Trois marques à retenir ?

Compeed, Epitact, Urgo.

Les mamelons

On ne rigole pas ! Ce n’est pas drôle ! À l’arrivée des courses, demandez aux bénévoles qui récupèrent les dossards, il n’est pas rare de voir deux taches de sang sur les tee-shirts à la place des tétons. Mais là encore il y a des solutions en amont : de la pommade grasse sur le mamelon, un pansement adhésif en couverture et puis plus simplement : un maillot de course de qualité hydrofugée et anti transpirant.

L’intérieur des cuisses

Encore plus souvent l’été quand on court en short, les frottements entre les cuisses provoquent des irritations. Alors après les pieds et les mamelons, il vous reste encore de la pommade ? Allez hop, en couche épaisse et sans faire pénétrer, laissez une bonne tartine au niveau des adducteurs.

Le nombril

Maintenant que vous connaissez la recette, investissez dans un carton de pommade de grasse ou de vaseline… à appliquer largement à l’endroit où la peau frotte contre le short ou le slip.

Comment guérir ?

Il n’est jamais trop tard ! Vous connaissez l’adage des champions ? « If you quit once, it becomes a habit.

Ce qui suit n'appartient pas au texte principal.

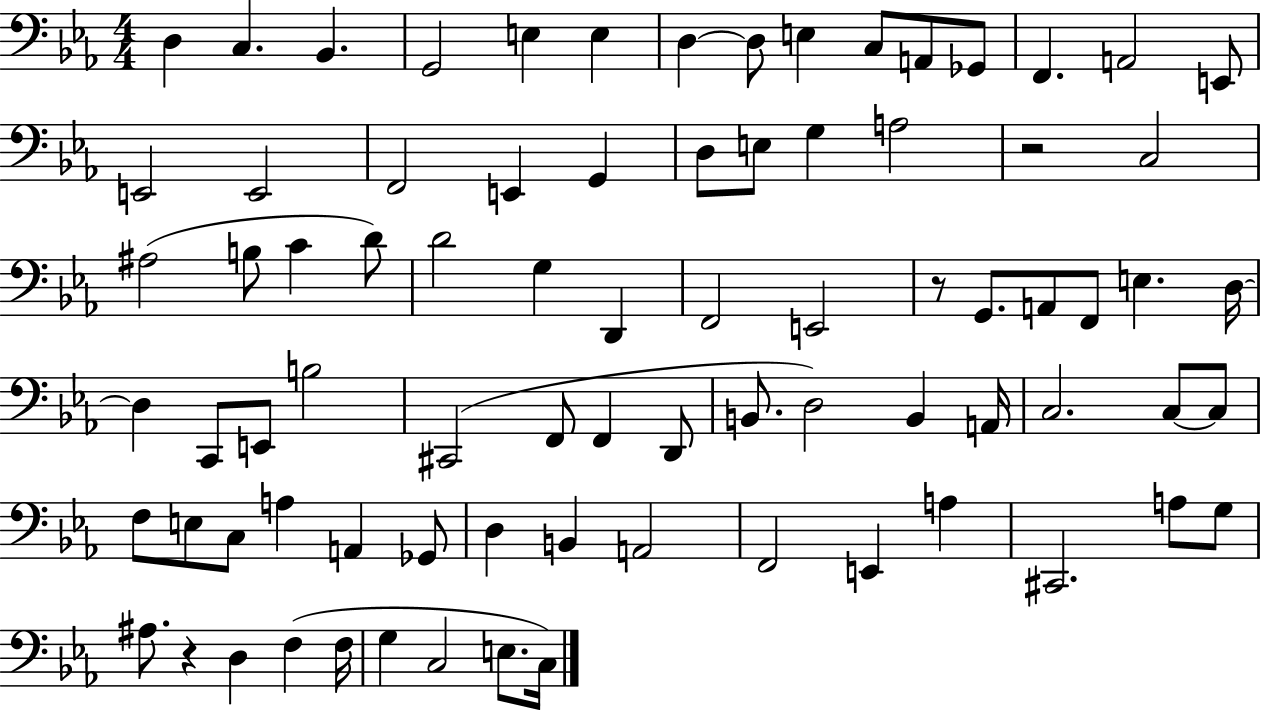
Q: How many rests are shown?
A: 3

So never quit ! » Maintenant que le problème existe… Nettoyez avec du sérum physiologique sur une compresse stérile (jamais de coton) et désinfectez à la Bétadine. Ensuite, utilisez du Tulle gras ou un pansement occlusif.  Si la pharmacie de famille est vide, il doit bien y rester de la Biafine. Tartinez, laissez pénétrer et renouveler jusqu’à « saturation » de la peau. Vous pouvez aussi recouvrir d’un feuillet et maintenir l’ensemble pendant une ou deux journées avec une bande non collante. Surtout, il faut éviter la croute. Vous avez beau être majeur, dans le fond, vous allez continuer de gratter la croute comme un gamin de cinq ans et ça ne va jamais cicatriser.

Pour conclure

On ne se répètera jamais assez : chacun est différent et comme pour l’entraînement, il n’existe aucune vraie recette universelle qui satisfera tout le monde… Le plus important c’est surtout de bien se connaître et de surveiller vos propres zones sensibles sur votre corps. À l’entraînement et après chaque course, examinez-vous afin de savoir prévenir en fonction du contexte ! Et continuez encore aussi longtemps que la vie vous offrira d’années à courir sans jamais être perturbé.